SHS senior Kyrstie Parker is a budding “steampunk artist. She poses here in Victorian-era fashions.

SHS senior Kyrstie Parker is a budding “steampunk artist. She poses here in Victorian-era fashions. Catherine Moore

— ”Steampunk” is a quirky, clunky term for Victorian-era science and science fiction. You know—flying machines, time machines, and elegant fashions offset by motorcar goggles and other accouterments, circa thr 1800s.

The modern term “steampunk” is teenage slang and it will never do justice to the fabulous worlds created by classic Victorian age authors Jules Verne, H.G. Wells, Arthur Conan Doyle, H. Rider Haggard and the like, it never-the-less is a growing movement and entertainment lifestyle within—and without—sci-fi fandom.

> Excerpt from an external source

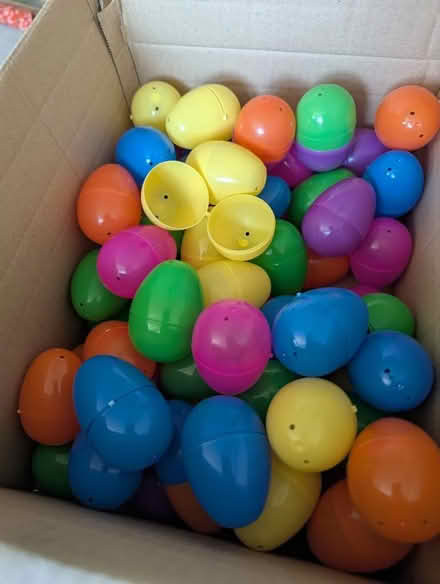 Photo of free Box of coloured plastic eggs (Strawberry Hill TW1) #1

On Sept. 16, a group of 40 enthusiastic Springfield High School students—chaperoned by three art teachers and an English teacher—attended the Great New England Steampunk Exhibition at the Courtyard Marriott in Fitchburg, Mass.

The trip was prompted as a method of inspiration for an upcoming student art show at VAULT which will open Dec. 14 and run through the beginning of January 2012.

When it comes to steampunk fans, you will see lots of brass, stovepipe hats, corsets, motorcar goggles, and gears. The students at SHS will be showing crafts, paintings, illustrations, fashion, sculptures and photography in the exhibit at VAULT in Springfield.

Photographs at the upcoming VAULT exhibit include a sculpture made by John Brickels of Essex, Vt., who may be joining the fandom group at SHS as a visiting artist to prepare for the show, a group shot of many of the students on the field trip, and SHS senior Kyrstie Parker with her “hands on” steampunk invention.